Goal of the exercise »
Below is a listing to transcribe in full and exactly; keep the pictures out.

The data »
☆ ☆ ☆ ☆ ☆ ☆ ☆

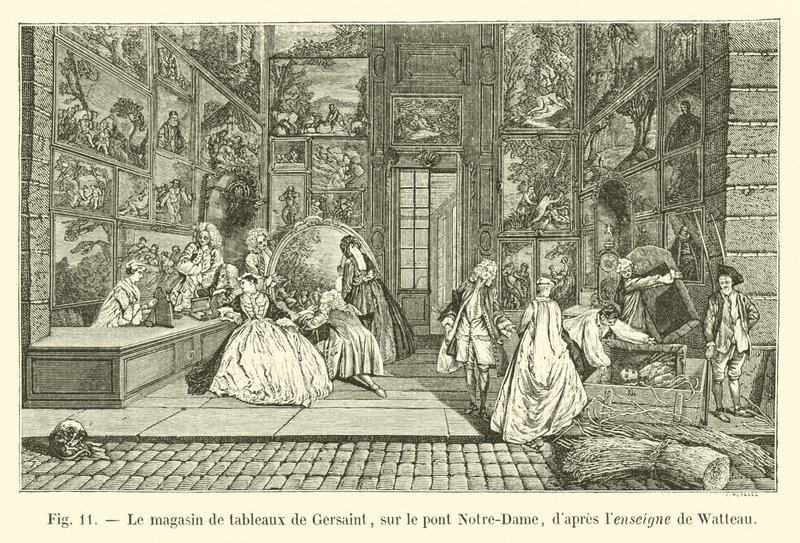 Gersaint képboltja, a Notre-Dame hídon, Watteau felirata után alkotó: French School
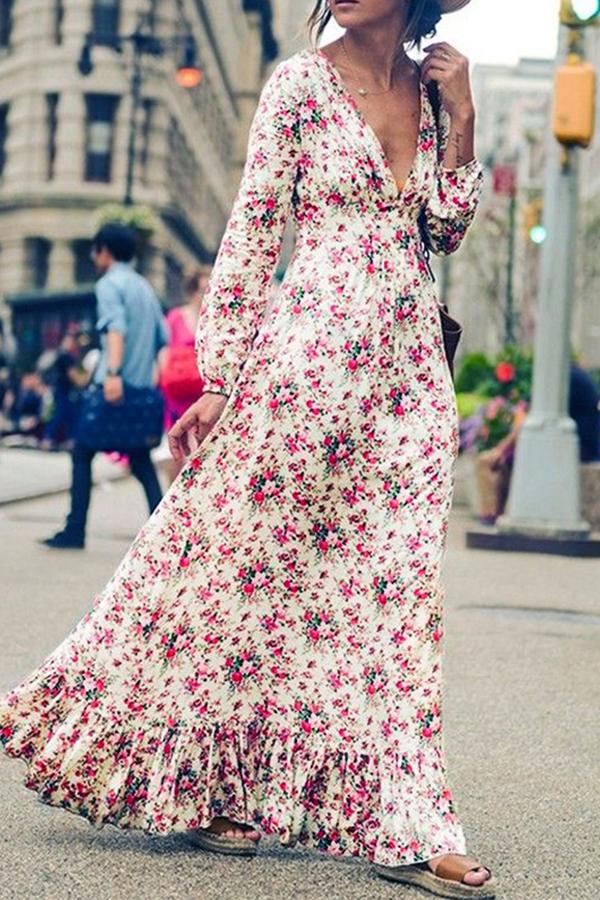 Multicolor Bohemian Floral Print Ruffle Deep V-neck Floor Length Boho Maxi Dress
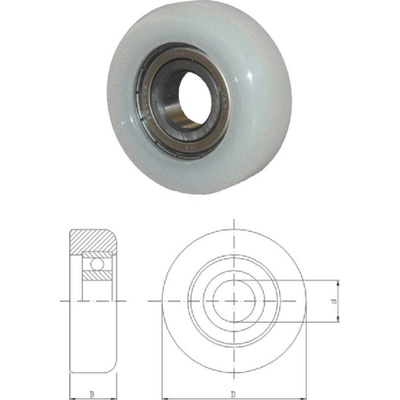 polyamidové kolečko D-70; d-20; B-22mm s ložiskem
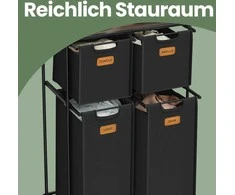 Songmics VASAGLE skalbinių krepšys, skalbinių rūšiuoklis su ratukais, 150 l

☆ ☆ ☆ ☆ ☆ ☆ ☆

Answer box »
 Gersaint képboltja, a Notre-Dame hídon, Watteau felirata után alkotó: French School
 Multicolor Bohemian Floral Print Ruffle Deep V-neck Floor Length Boho Maxi Dress
 polyamidové kolečko D-70; d-20; B-22mm s ložiskem
 Songmics VASAGLE skalbinių krepšys, skalbinių rūšiuoklis su ratukais, 150 l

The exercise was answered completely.